Au Caire, Françoise Chassagnard, 51 ans, n’est pas encore décidée. « Si je trouve un candidat proche de l’Égypte, qui connaît bien les enjeux de ce pays, je voterai pour lui. Sinon je donnerai ma voix à un parti ».

« Personne ne peut dire aujourd’hui si la proximité d’un candidat peut inverser le rapport de force », explique Frédéric Dabi. Si l’on peut s’attendre à voir de fortes disparités au sein des circonscriptions, je n’imagine pas vraiment que l’équilibre de la présidentielle puisse être modifié ».
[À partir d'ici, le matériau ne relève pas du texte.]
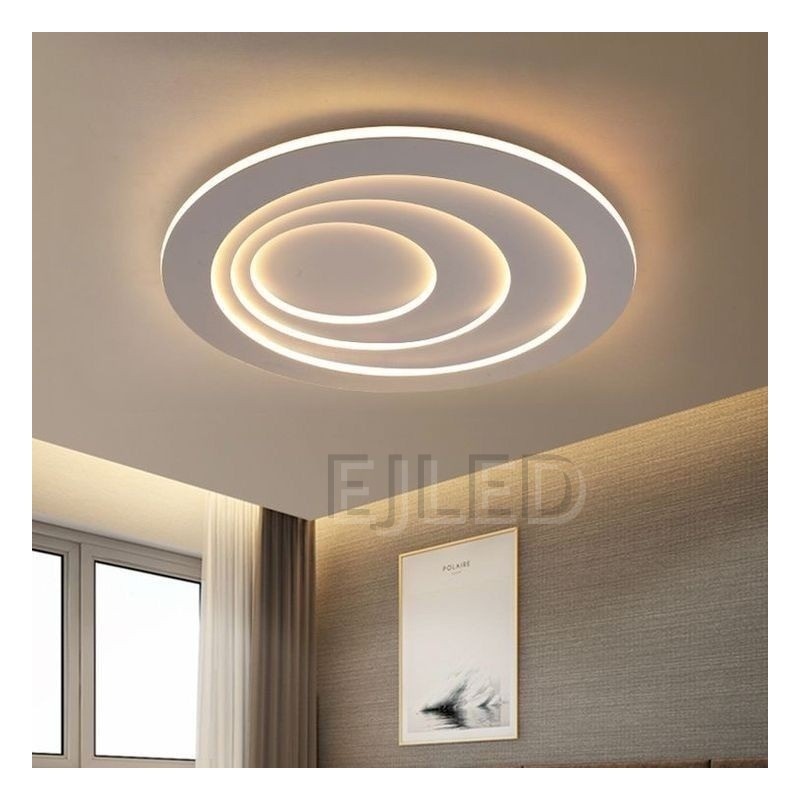 This modern black ceiling light features layered concentric rings with integrated LED lighting for a clean, contemporary look. - view 2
Autre inconnu de ce scrutin, la place qu’auront les 11 députés – qui représenteront le million de Français inscrits sur les listes consulaires (2,5% des électeurs) – au sein de l’Assemblée nationale. Certains entendent faire bloc, pour défendre les expatriés, autour d’un « discours commun », transcendant les frontières politiques, selon les mots d’Alain Marsaud. Même si d’autres n’envisagent pas les choses ainsi. « Voter UMP ou PS, ce n’est pas la même chose. On est à l’Assemblée pour faire la loi de tous les Français. Et ceux de l’étranger vont enfin trouver leur place dans le projet commun », tranche Pouria Amirshahi.